Whether the reference is to agriculture or hunting, the rabbit of verse d is clearly imagery of the here-and-now, and for a very specific purpose. In the first three verses Berceo's listeners consider the eventual destruction of earth, but they do so from a great temporal and social distance: the flames of that most distant future will consume the most highly prized possessions of the most powerful and mighty. Then, from these lofty heights of fancy and imagination, Berceo yanks his listeners down to the here-and-now with his final verse, reminding them that the final cataclysm will indeed be so complete that not even the most insignificant creature in its hole will be spared. The frightened rabbit is not merely homey detail: it is an unexpected and effective jolt back to the very reality that must eventually be destroyed. One might say that by invoking in this context a prosaic element in his listener's rural landscape, Berceo facilitates the invasion of that landscape by the very forces he is describing. This pattern is typical throughout the poem, and illustrates Berceo's use of concrete imagery to achieve his purpose, announced in stanza four and discussed fully by Pensado, of instilling fear in his listeners.7 In stanza 19 Berceo utilizes another image taken from the agricultural reality of Spain for essentially the same purpose.

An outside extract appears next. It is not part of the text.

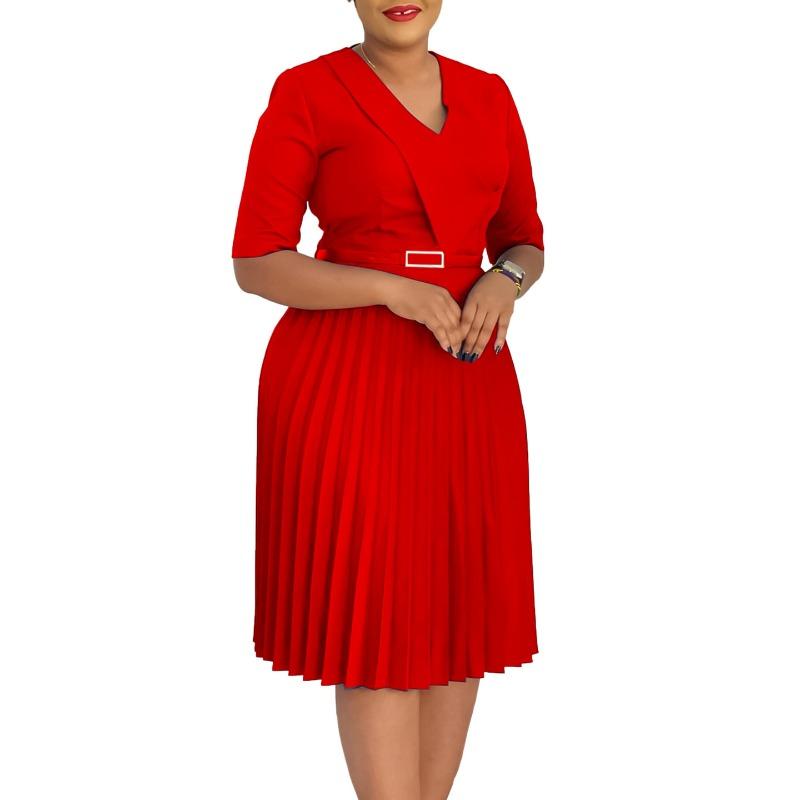 Women's summer new fashion temperament V-neck solid color large size pleated dress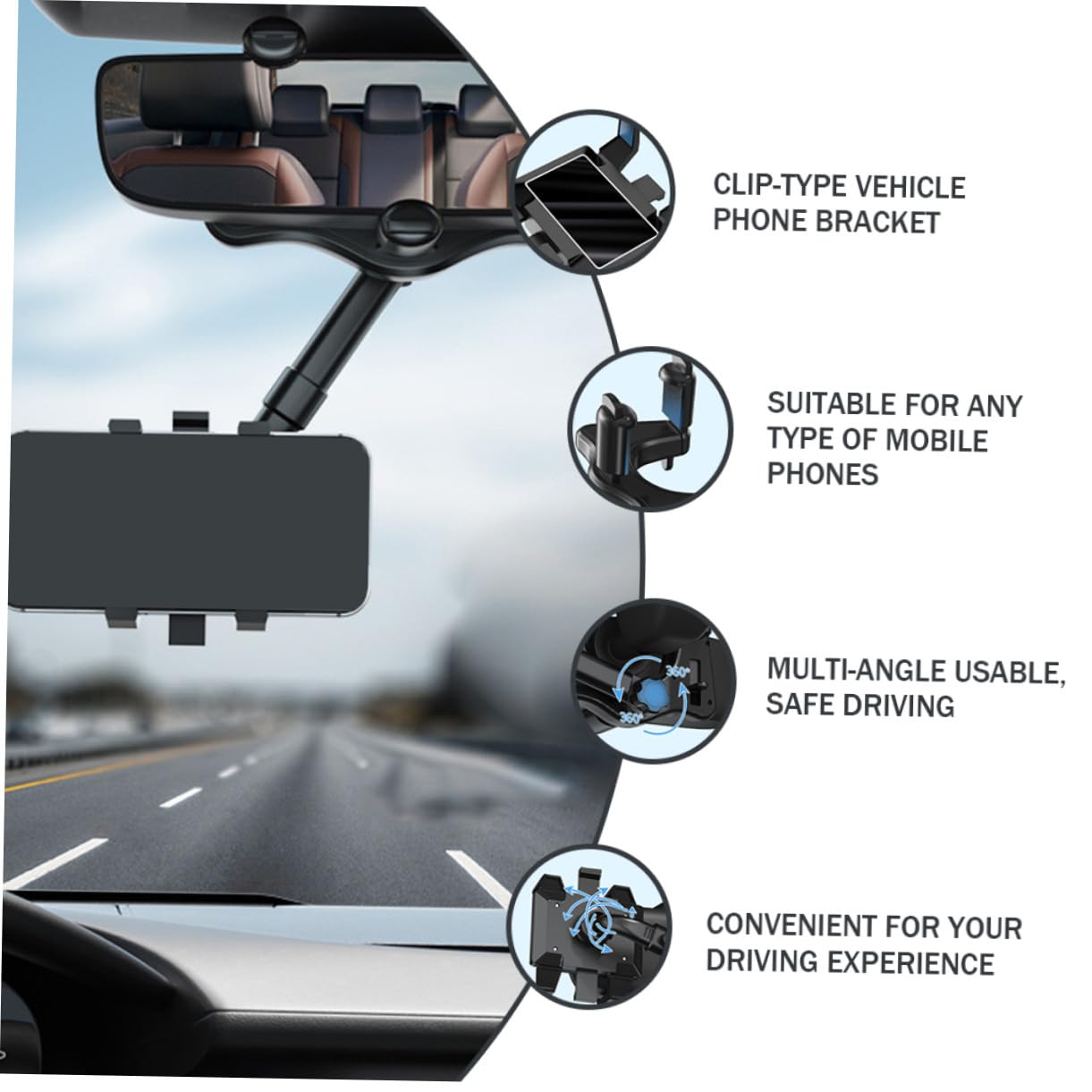Supporto per Telefono da Auto e Navigatore per Cruscotto Regolabile, Resistente e Facile da Installare, Compatibile la Maggior Parte degli Smartphone, la Guida Sicura e Comoda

(Not a soul will there be who'll dare behold the twelfth sign / For flames will he see flying all across the sky / He will see the stars all falling from their places / As fall the leaves when they fall from the fig tree.) Here the image in question completes a simile: the falling of all stars from heaven on the twelfth day is likened to the simple dropping of fig leaves from a fig tree. Since fig leaves are rather large and heavy, they make a relatively short and direct yearly fall from these rather low trees.8 This concrete image would be so utterly familiar to his listeners that it would effectively usher them into that distant and hard-to-imagine moment when all celestial bodies fall to the earth in flames. Make no mistake here: while in Berceo's two verses c-d we may indeed have a biblical echo, the allusion is not without its originality. Revelation 6:13 ("the stars in the sky fell crashing to earth like figs shaken loose by a mighty wind") and Mark 13:28 ("Once the sap of its branches [the fig tree] runs high and it begins to sprout leaves, you know that summer is near")9 are of course closely related and oft-repeated biblical images, and Berceo here makes a clear allusion to both. Nonetheless, the biblical verses differ significantly from Berceo's verse. The latter, I would argue, derives from the commonplace, the almost too-familiar here-and-now of his regional agricultural reality, and reminds his listeners that it all will happen right here.10
Many other images from Berceo's immediate reality could be given, all equally poignant, and all effective in driving the message home in the sense of making his warnings penetrate the most intimate domestic spaces. After the treatment of the signs foreboding Doomsday, Berceo describes the judgment itself, and its subsequent rewards and punishments. A strikingly violent tone of vengeance and bitterness characterizes his description of the pains inflicted on the damned in hell (numerous examples appear below); and nowhere is this tone more grating on modern sensibilities than in stanza 46, where the punishment for envy is described:
(Those whose sin is envy, those ill-begotten ones! / Who go around all red in the face after their neighbors' goods / Once they get to hell they'll be kicked at by everyone, / They'll be treated the way that stepmothers treat their stepsons and daughters).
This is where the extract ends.